MATERIAL PROVIDED:
──────────────────────────────
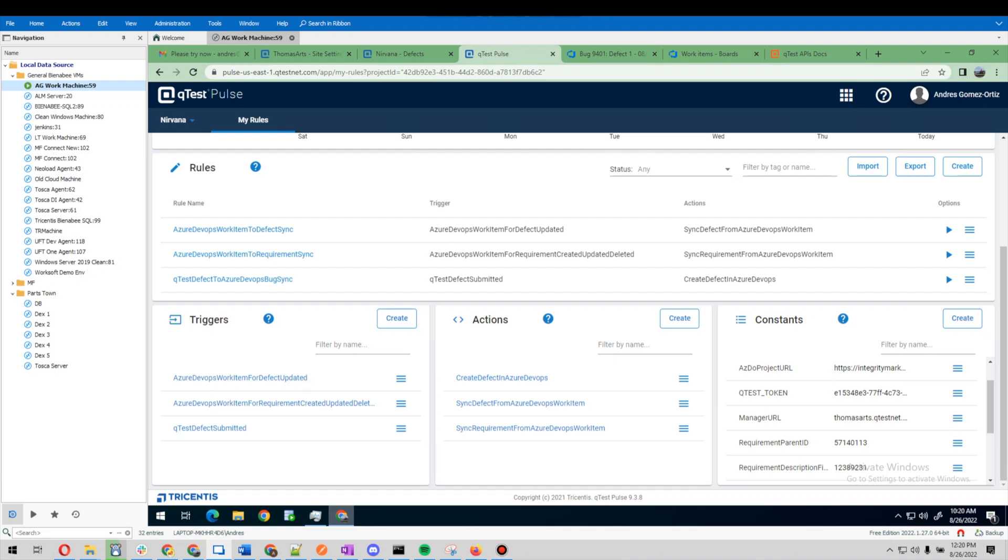So for example, here we have an action to sync requirements from the Azure DevOps work item. So every time a user story is created in Azure DevOps, there's a webhook from ADO.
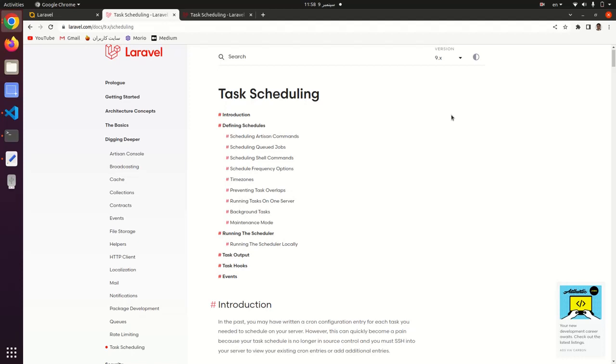Welcome back to Coffee Query. In this short video tutorial, I want to show you how task scheduling works in Laravel. I'm not going to explain and go very deep into task scheduling and cron jobs in Laravel, but I will show you the way and you can find your path.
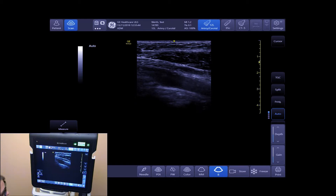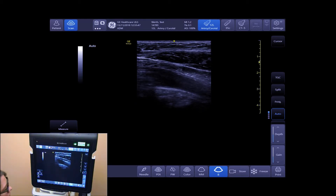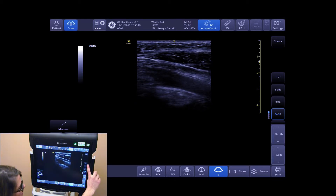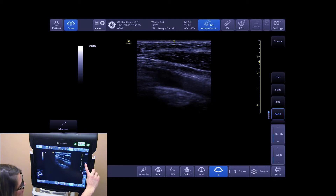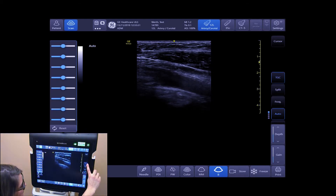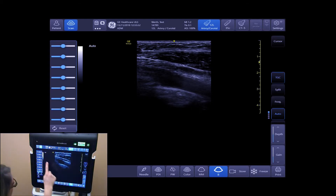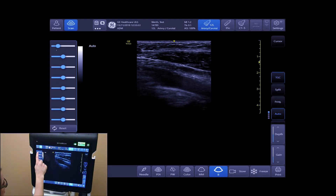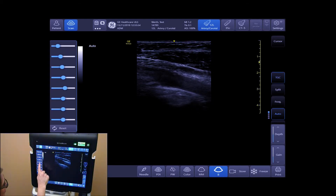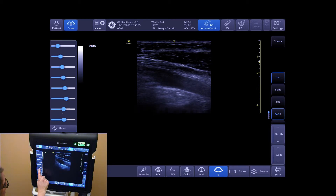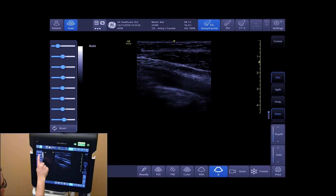To adjust your time gain compensations — your TGCs — tap on TGCs, and you can optimize your near-field and far-field image as needed.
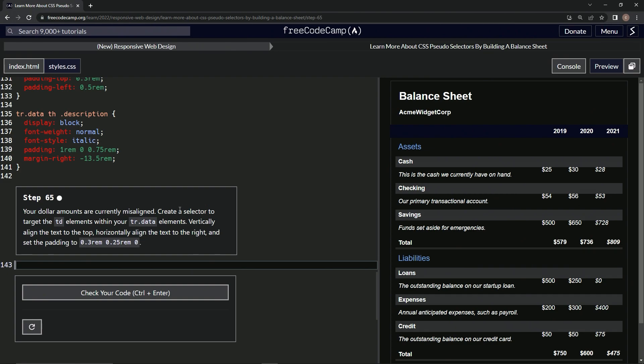So we're going to use a selector by targeting all of these elements within these elements. So we'll say TR.data, and then we'll say TD.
──────────────────────────────
WORK ORDER:
Reproduce exactly the lines from the one with "To adjust your" to the bottom of the listing, both ends included, and nothing else. Skip the pictures.

YOUR SOLUTION:
To adjust your time gain compensations — your TGCs — tap on TGCs, and you can optimize your near-field and far-field image as needed.
So we're going to use a selector by targeting all of these elements within these elements. So we'll say TR.data, and then we'll say TD.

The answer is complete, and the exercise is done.